AMD Might Have Lied About How Many Cores Are In Its 8 Core Processors
Estimated reading time: 6 minute(s)
Processor manufacturer AMD is facing a class action lawsuit concerning how many cores it claimed to be in it’s Bulldozer series processors. Supposedly their 8 core processors do in actuality have only 4 cores.
This was first suspected when benchmarks didn’t show the expected results for an 8 core processor.
It (AMD) would advertise that a given processor had eight cores, for example, when it effectively had four — each core in AMD-speak was really half of a module, and couldn’t operate independently.
Technically speaking the processor does actually have 8 cores, however due to the design of the processors they can’t actually perform 8 simultaneous operations, like you would expect from a true 8 core processor.
The suit claims that Bulldozer’s design means its cores cannot work independently, and as a result, cannot perform eight instructions simultaneously and independently. This, the claim continues, results in performance degradation, and average consumers in the market for a CPU lack the technical expertise to understand the design of AMD’s processors and trust the company to give accurate specifications regarding its CPUs.
What this means for end users is that their 8 core processors might not be as fast as advertised.

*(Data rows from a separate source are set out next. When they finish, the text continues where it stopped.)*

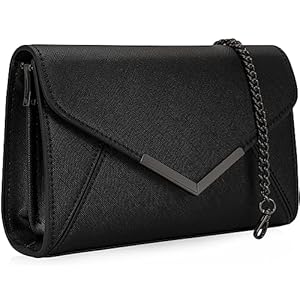 DEXMAY Women Envelope Clutch Faux Saffiano Leather Evening Handbag Foldover Clutch Bag Formal Dressy Purse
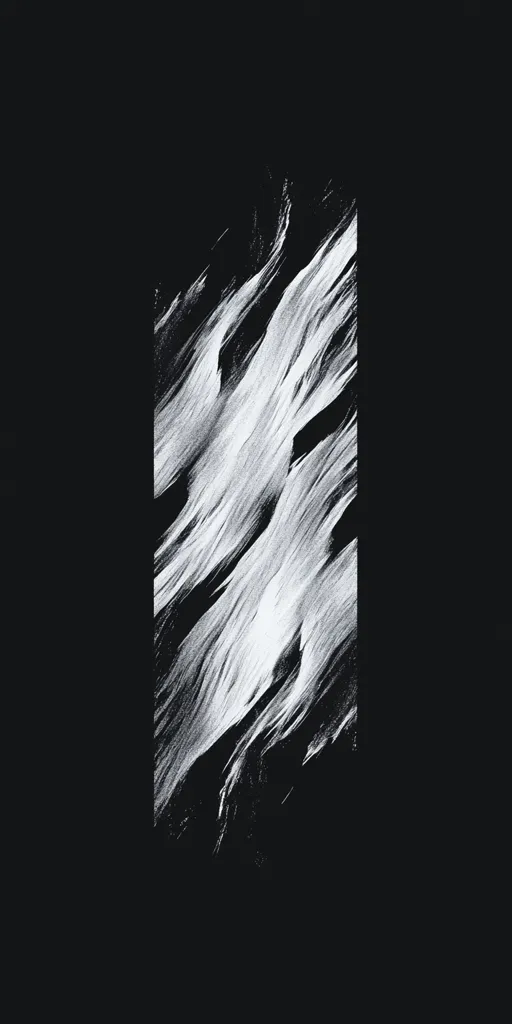 A monochromatic image showcases a vertical, textured stroke of white paint against a stark black backdrop. The paint appears thick, with visible brushstrokes creating a dynamic, flowing effect. The white element is roughly rectangular, angled slightly, and its edges are somewhat irregular, adding to the artwork's organic feel.  The contrast between the white and black is striking, emphasizing the texture and movement within the piece.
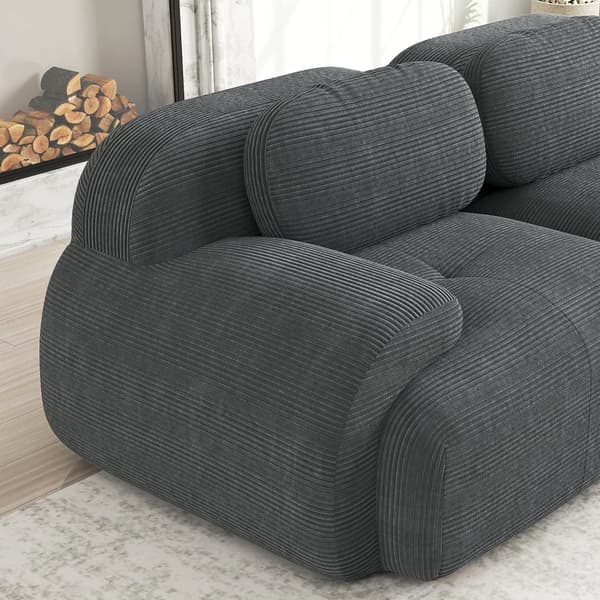 Soffa - 3-sitssoffa - Premium manchester - Halkfri - Ergonomiska armstöd - Elastisk klädsel - Grå
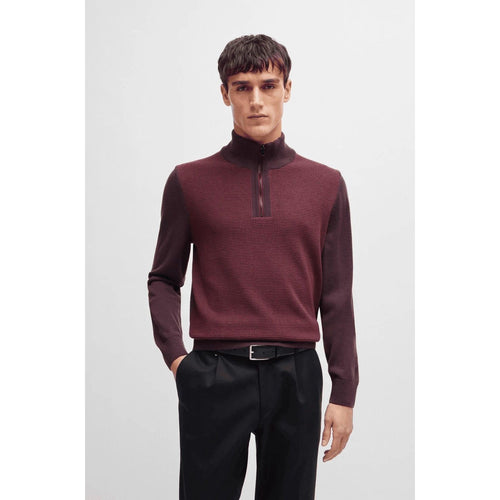 Load image into Gallery viewer, BOSS VIRGIN-WOOL ZIP-NECK SWEATER WITH MIXED STRUCTURES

Or at least not as fast as an Intel or other 8 core processor.
Now if this meant a small difference in performance it might be acceptable. But since benchmarks have shown the Bulldozer processor to be only little faster than a quadcore CPU, I would be quite upset if I paid extra for something a product could not deliver.
Tony Dickey, on behalf of himself and others similarly situated, filed a class-action lawsuit on Oct. 26 in the U.S. District Court for the Northern District of California, San Jose Division against Advanced Micro Devices, Inc. (AMD) for alleged violations of the Consumer Legal Remedies Act, California’s Unfair Competition Law, false advertising, fraud, breach of express warrant, negligent misrepresentation and unjust enrichment.
We will have to see how the lawsuit goes. But since it’s a class action lawsuit, and the claims seem solid, those who have bought the processor might be in for a refund.